"""

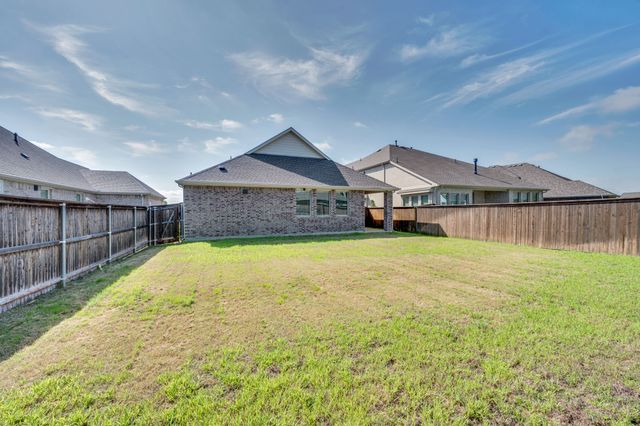1104 Garden Grove Lane, Forney, TX 75126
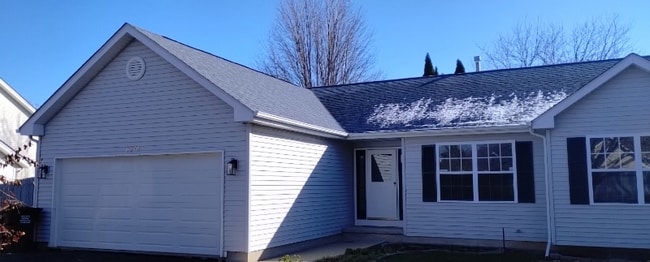 6573 Sonoma Rd in Rockford, IL - Building Photo - Building Photo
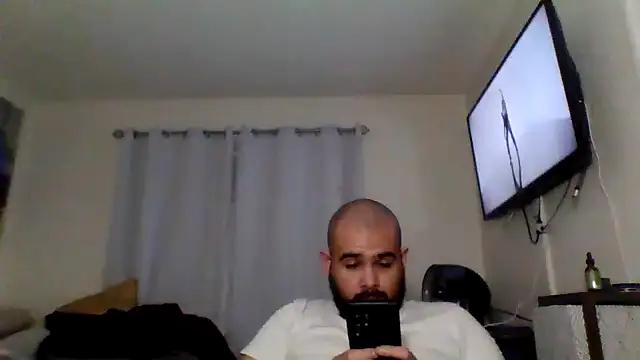 Snapshot of JooveyRose chatting on January 4, 12:16 am JooveyRose online show from January 4, 12:16 am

"""

*TASK REQUIREMENTS:* Everything in the material above should be reproduced exactly, except the pictures.

*SOLUTION TO THE EXERCISE:*
1104 Garden Grove Lane, Forney, TX 75126
 6573 Sonoma Rd in Rockford, IL - Building Photo - Building Photo
 Snapshot of JooveyRose chatting on January 4, 12:16 am JooveyRose online show from January 4, 12:16 am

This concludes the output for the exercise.